This one makes a bit of a mess but it’s pretty fun.
Whenever I make my own sausage rolls no two ever look the same, but isn’t that kind of the best bit?
I went pretty safe with this recipe but when it comes to the fillings the best thing to do is try something new, chilli & ginger work well with pork as does a classic apple sauce.
- The meat from a few sausages squeezed into a bowl
- 1/2 an onion, diced
- A tablespoon of fresh rosemary, roughly chopped
- 2 sage leaves, roughly chopped
- 2 table spoons of whole grain mustard
- 2 cloves of garlic
- 1 dusting of flour
- 1 pack of shop bought pastry
- 1 egg, beaten
I started off by pre heating an oven to gas mark 6.

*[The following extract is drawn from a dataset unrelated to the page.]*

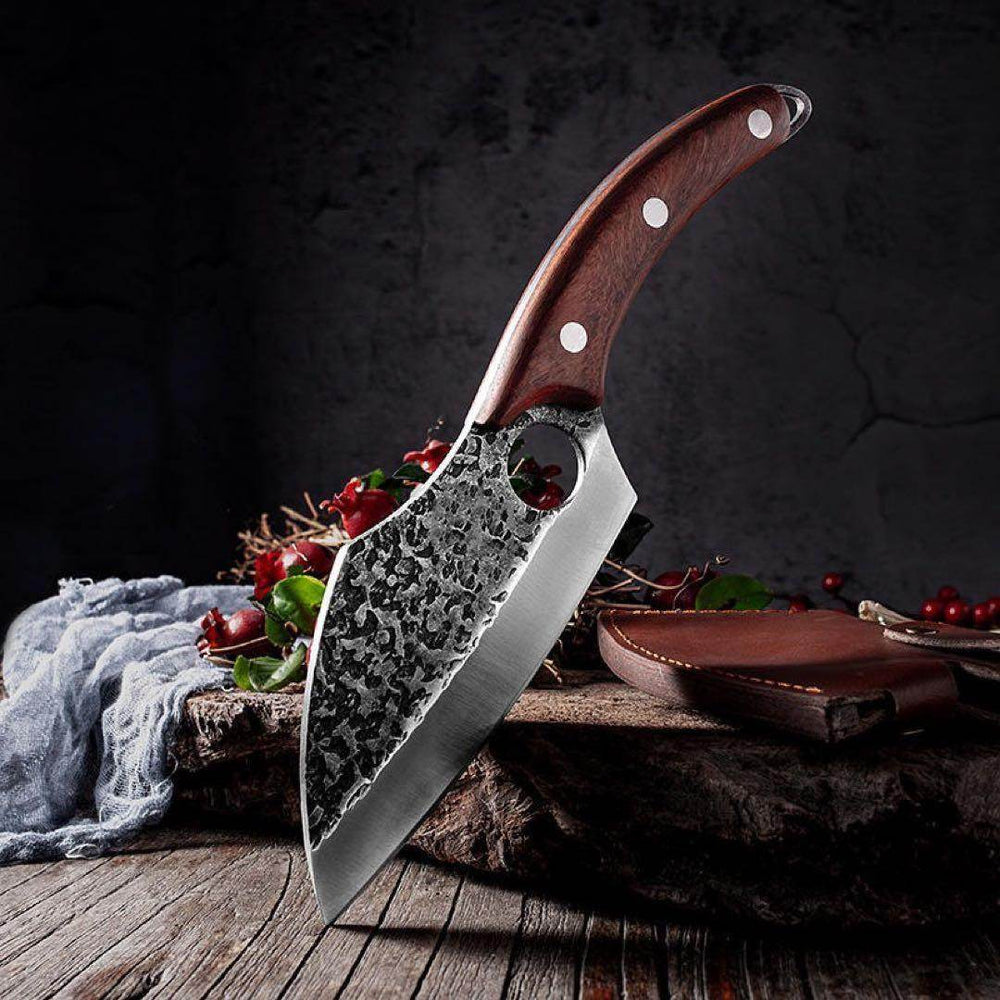 
                  
                    Handmade Stainless Steel Kitchen Knife shot by The Little Market Bunch in Melbourne.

Next I started frying off the onions with the herbs and garlic. I then added the sausage meat to the pan and once it had browned I added in the mustard too.
I then set the pan aside and rolled the pastry out on to a floured work surface. Once it was spread thin I added in the filling and rolled over to one side, which I then crimped and washed with egg and scored with a fork to make sure it stuck.
The huge long sausage roll was then scored across the top (to make it look pretty and to let the steam out) and popped into the oven.
Once the pastry turned brown and crispy I took it out and moved it to a cooling rack. When I couldn’t wait any longer I portioned up the rolls and we all got stuck in!